La gran victoria del perdedor

El éxito y el fracaso son dos impostores del esfuerzo humano, dos caras de una misma moneda que el Olimpismo acuñó en forma de medalla para ilusionar a los pueblos en la paz del antagonismo. Pero el sacrificio, el dolor y el sufrimiento no son un espejismo, son demasiado reales. Lo saben los 56 atletas que partieron del castillo de Windsor a las 14:30 horas del 24 de julio de 1908. Será un calvario de 42 kilómetros y 195 metros hasta llegar al estadio londinense de White City, en Shepherd’s Bush, donde les espera la misma reina de Inglaterra.

Los primeros compases

Los ingleses son los favoritos y han marcado el ritmo en los primeros compases, pero el calor ha derretido sus primeros impulsos y han sido alcanzados por el sudafricano Charles Hefferon y el italiano Dorando Pietri. Cuando van por el kilómetro 32, el sudafricano saca cuatro minutos al italiano, mientras que tres norteamericanos, en mancomunada colaboración, van avanzando sus posiciones. En el kilómetro 41, Hefferon desfallece y Dorando Pietri se coloca en cabeza. También hay novedades en el grupo de los corredores americanos.
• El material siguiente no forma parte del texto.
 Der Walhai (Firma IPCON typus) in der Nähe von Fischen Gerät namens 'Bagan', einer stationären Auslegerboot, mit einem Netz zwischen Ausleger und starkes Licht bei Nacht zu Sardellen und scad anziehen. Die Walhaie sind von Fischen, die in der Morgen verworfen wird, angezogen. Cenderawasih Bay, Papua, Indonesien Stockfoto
Uno de ellos, John Hayes, se ha descolgado de sus compañeros y con un ritmo endiablado ha cazado a Hefferon. La emoción es la habitual cuando llega el tramo final de una carrera. Pero hay algo que va a trascender al episodio deportivo.

Un final angustioso

Obsesionado en mantener un ritmo imposible y cegado por el enorme esfuerzo, Dorando Pietri se ha olvidado de beber líquidos y tiene síntomas de deshidratación. Por eso da muestras de una preocupante debilidad. Extenuado, titubeante, polvoriento y sudoroso, ha entrado andando y desorientado en el estadio, donde le reciben entusiasmados entre 75.000 y 100.000 espectadores. Pero el entusiasmo se ha convertido de repente en una angustia colectiva. El atleta zigzaguea, se cae, se levanta, da algunos pasos y vuelve a caer. La compasión y las ganas de ayudar invaden el ambiente. El escritor Arthur Conan Doyle, el creador de Sherlock Holmes, es testigo de la dramática llegada como periodista del ‘Daily Mail’ y observa “el rostro demacrado, amarillo, los ojos vidriosos e inexpresivos” de Dorando, mientras se recupera, logra erguirse, camina tambaleándose y vuelve a desplomarse sobre la ceniza de la pista, a pocos metros de la meta. De repente, un clamor surge del público. El americano ha entrado en el estadio. El italiano, desde el suelo, observa la pesadilla que supone la cercana presencia de su rival. Con un esfuerzo sobrehumano se levanta, pero sus piernas se doblan. Entonces el mismo director de la carrera, Jack Andrew, y el médico de la prueba, Michael Bulger, no resisten la tentación de prestarle ayuda y le sujetan, prácticamente arrastrándole, en los últimos cinco metros. De esta manera logra entrar primero en la carrera de maratón. Treinta y dos segundos después, entra en la meta el norteamericano.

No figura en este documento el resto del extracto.